Will Hyatt, who farms bell peppers and cantaloupes in Lake Wales, Florida, said there are multiple reasons consumers should buy domestic. He also believes the idea of fair trade is a fantasy and not reality.
“I farmed in Mexico, and I know what it’s like. I know what the labor is like, and I know what the regulations are like; know Mexican government regulators are open to bribes to overlook or even assist violators,” Hyatt said. “To tell me, we have to compete against that, it’s not really fair. I think we can out-compete Mexico and Central America in a fair market if we have a fair regulatory market.
“If we could trade labor and trade resources, this wouldn’t be a problem.”
Florida blueberry farmer Ryan Atwood confirmed that just last week, Mexico exported 5 million pounds of blueberries into the U.S. last week. This happened despite it being the peak harvest season for Georgia, one of the country’s leading producers of blueberries.
According to the USDA, U.S. agricultural imports from Mexico equaled $25.9 billion in 2018.
What can change?
Hyatt believes nothing will change until voters make their voices known.
“Farmers are conservative as a rule, politically.

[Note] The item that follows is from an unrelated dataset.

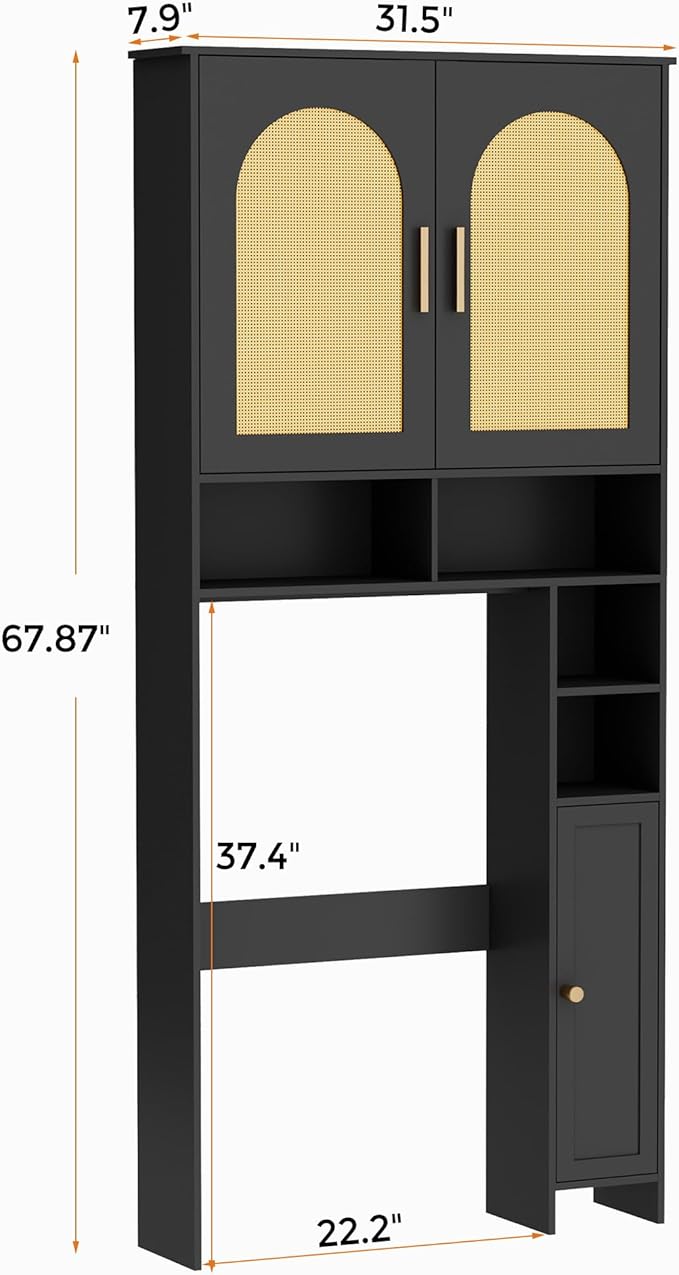 Homhedy 67" H Over The Toilet Storage Cabinet, Boho Bathroom Organizer with Rattan Decorated Doors, Adjustable Shelves, Toilet Paper Holder, Space-Saving Bathroom Shelf, Natural and Black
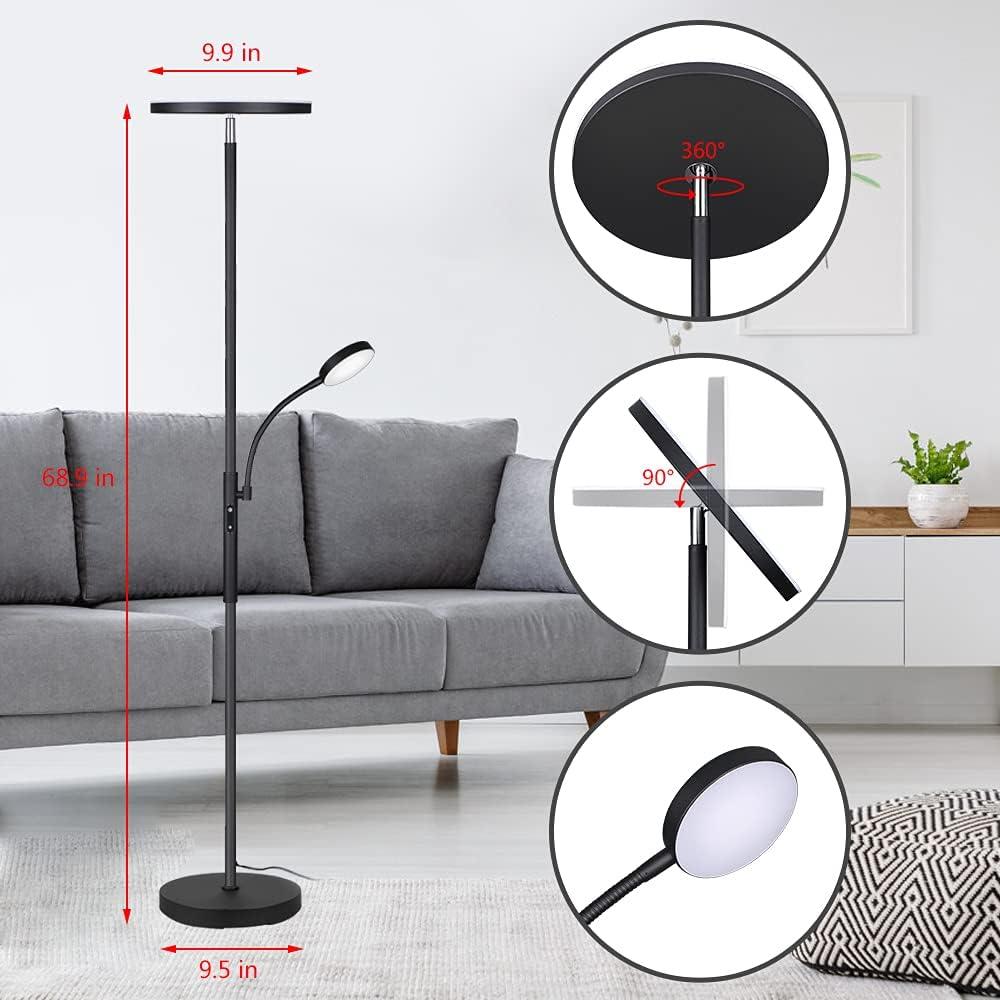 Matte Black Adjustable LED Floor Lamp with Remote Control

The vast majority of us are conservative. But we are the first one to scream, please help us government when Mexico ships out a bunch of products. When the answer to me is to educate our fellow countrymen,” Hyatt said. “At the end of the day, our fellow countrymen vote with their dollars to purchase products that are produced internationally above purchasing domestically produced products. The farmers are a very small percentage of the community that will pay a price for that. At some point the greater population will pay a much steeper price, in my opinion.”